Scientists trust what they think they can verify.
In principle, you can work your way through the proof of every mathematical theorem. With enough money and time, you could replicate every experiment. For every expert opinion, you could dig through the literature and find how it was justified.
And while a scientist can’t actually do that for every field, they might be able to for the ones they care about most. In your specialty, you probably can check the logic behind every claim. And you know that enough people try, that you can trust your colleagues’ work.
As a science journalist, most of the time, you can’t do those checks. You don’t even pretend you can. Instead, you build trust, like a tree.
You start with a grounding. A former scientist might trust their former colleagues, people they trusted, as a scientist, to do (and know) good work. A non-scientist has to start somewhere else. They might use prestige, looking up those tenured folks at Harvard or Princeton or Stanford. They might look to who other journalists trusted, scientists who’ve already been in the news. They might track journals or roles, assuming that a publication in Nature, or a position on a national grant committee, has a special meaning.

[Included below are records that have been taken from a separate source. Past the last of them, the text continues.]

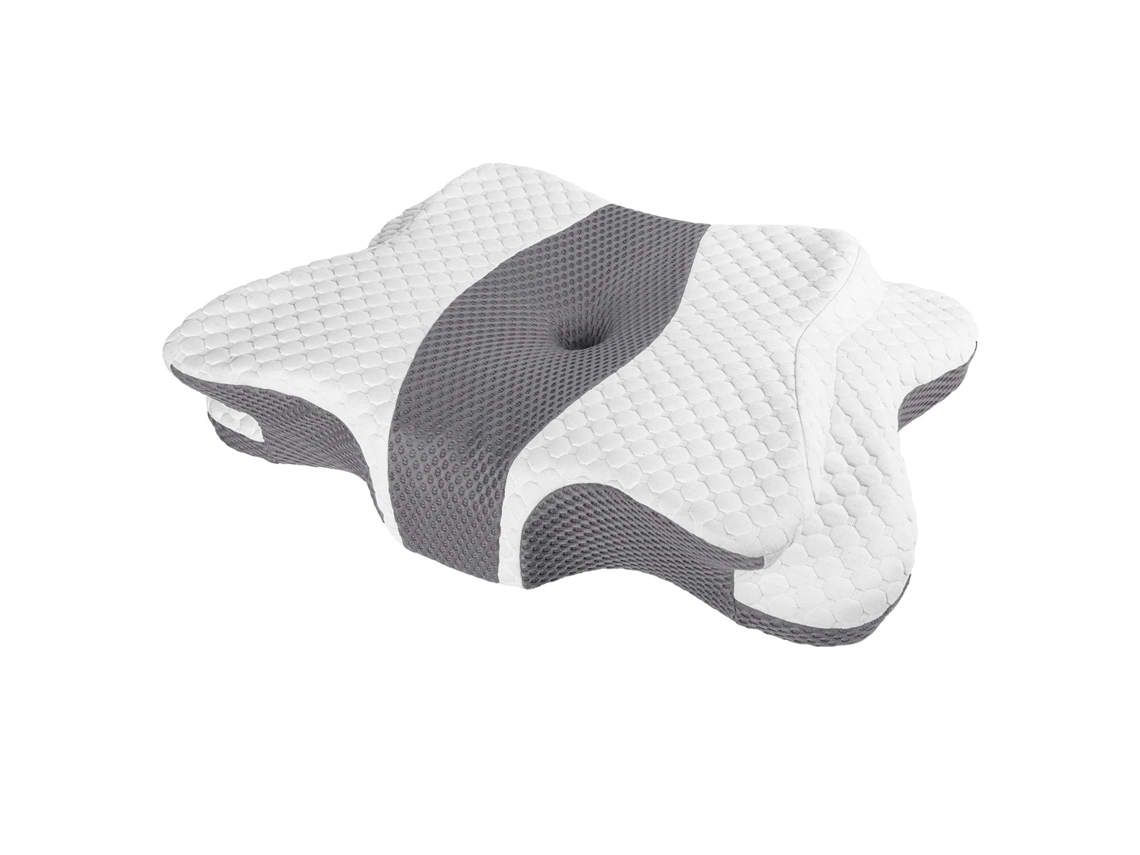 Travesseiro De Pescoço Em Espuma De Memória, Design Ergonômico, Capa Respirável, Cinza Claro, Como Mostrado
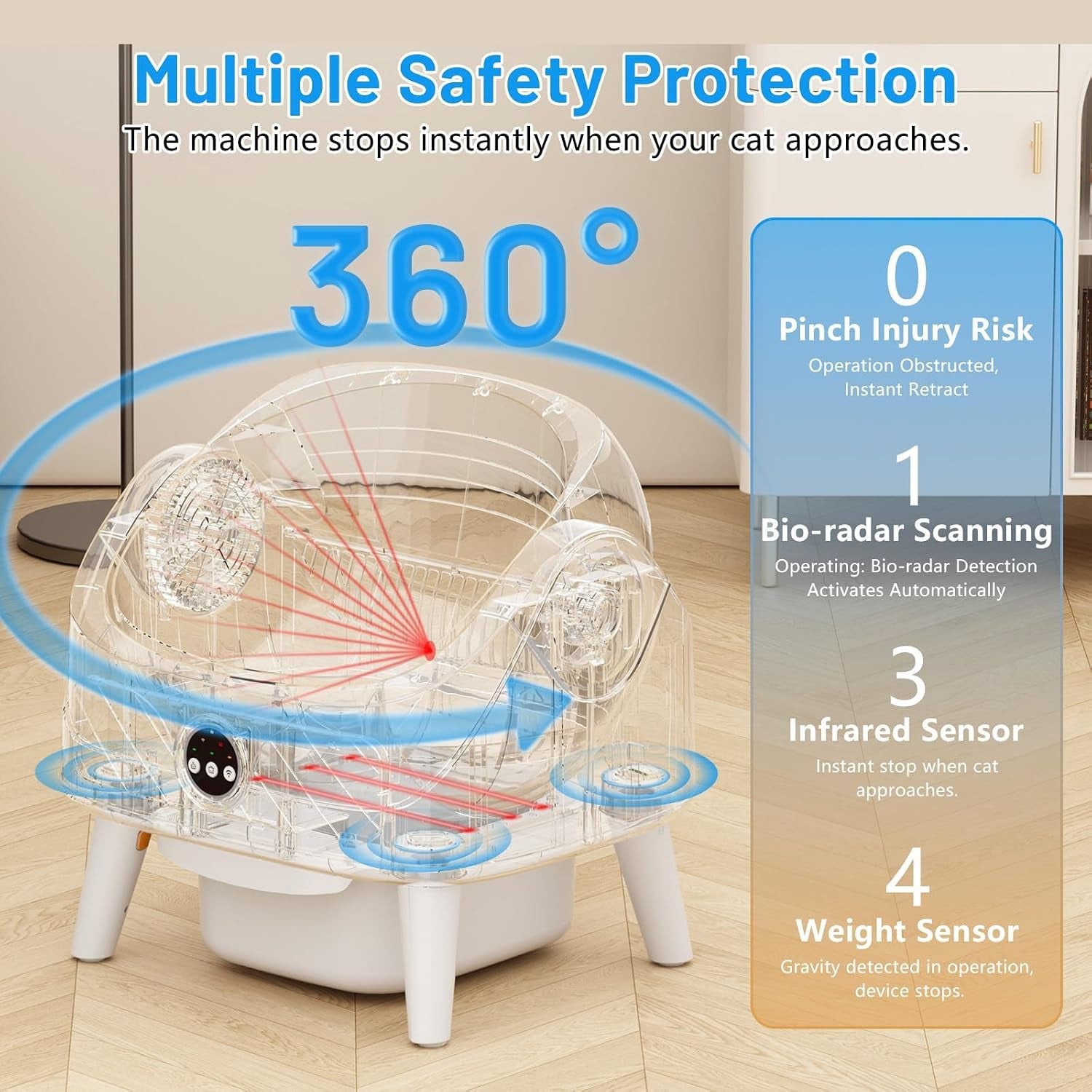 Self Cleaning Cat Litter Box, Open-Top Automatic Litter Box for Multiple Cats, Large Capacity Robot, APP Control, Safety Protection, 2 Rolls Litter Liners Bag, 1 Odor Eliminator, Cat Gift
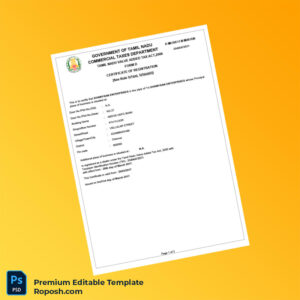 Customizable India Commercial Taxes Department VAT Registration Certificate Editable Word & PDF Template 2 page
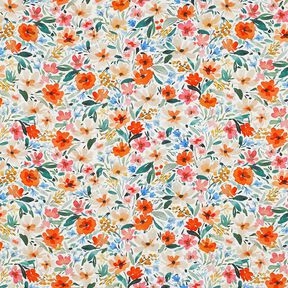 Tissu viscose Impression numérique prairie fleurie – blanc/orange, 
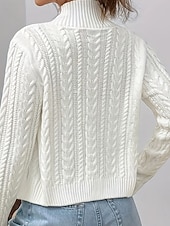cheap Sweater Jackets-Women's Sweater Cardigan Elegant Fashion Cute Solid Color Stand Collar Zipper Knitted Print Long Sleeve Regular Tops Knit Outdoor Daily Holiday Wine Red Black Fall Winter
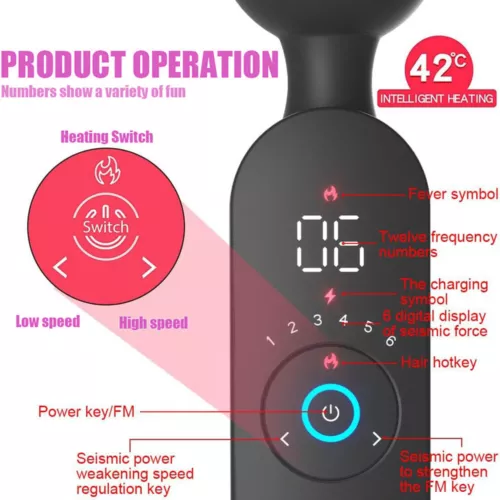 Leistungsstarker Massagestab Vibrator Handheizung Massagegerät für Frauen Wiederaufladbar - Bild 6 von 14
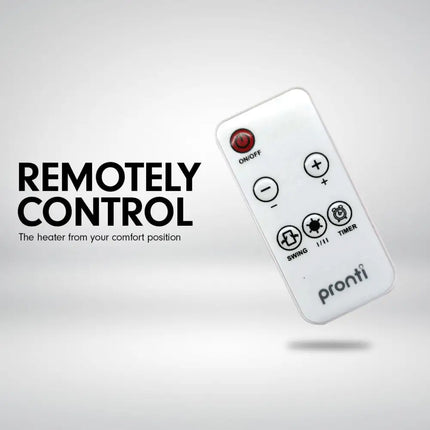 Pronti Electric Tower Heater 2000W Remote Portable - Black - Appliances > Heaters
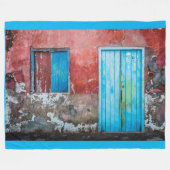Rode, blauwe en grijze wand, deur en raam fleece deken (Voorkant (Horizontaal))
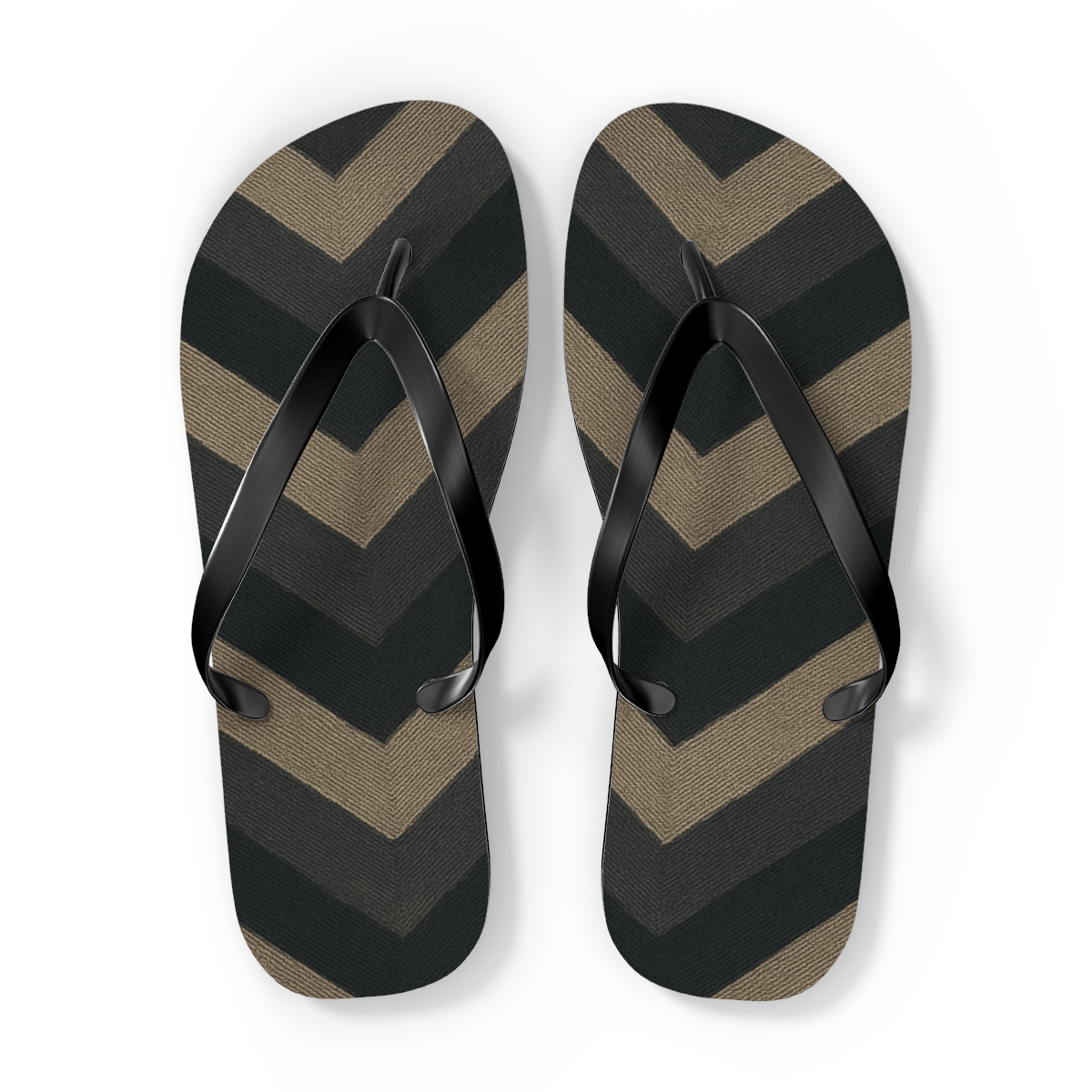 Moire Chevron Field personalized beach flip flops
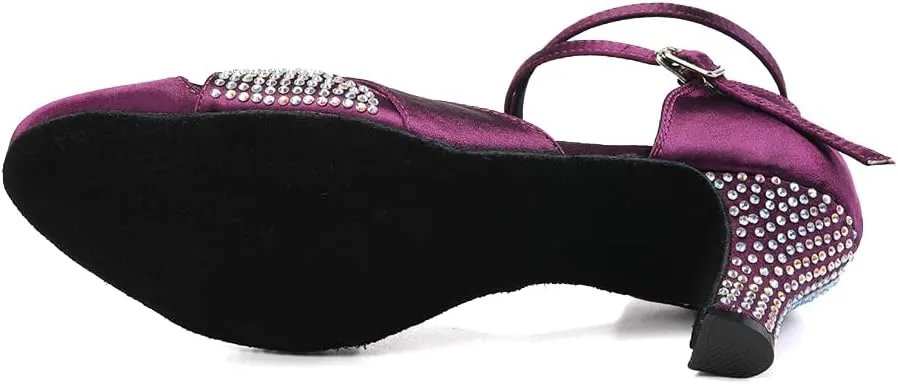 Women Ballroom Dance Shoes Satin Close Toe Rhinestone Salsa Tango Modern Latin Performance Dancing Shoes,Model YCL157-6cm Heel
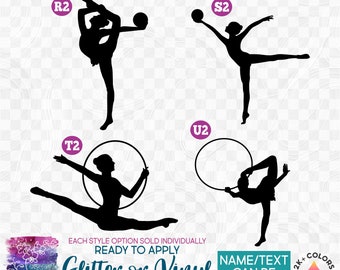 s019-1 Ready to Apply Iron On Transfer or Sticker Decal Gymnastics Gymnast Silhouette  Vinyl/Glitter/Holographic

And if things stopped there, it would be a pretty elitist system. It still can be, and often is. But there is another step, which softens it.
The trust builds.
When I want to know if a paper in an unfamiliar field makes sense, if it’s worth covering, I try to ask someone I trust. Sometimes, they don’t know, and shrug. Other, more useful, times, they don’t know, but they have a suggestion: someone they trust, who can give me the answer.
And so I ask the new person, and now I trust someone more.
And suppose the new person says the new paper is good, and worth covering, good science and all that jazz.
Well, now I can trust its authors too, right?
So when the next paper comes, I now don’t just have that first someone. I have the person they recommended, and the authors of the previous paper.
The trust builds out, and up, like branches on a tree.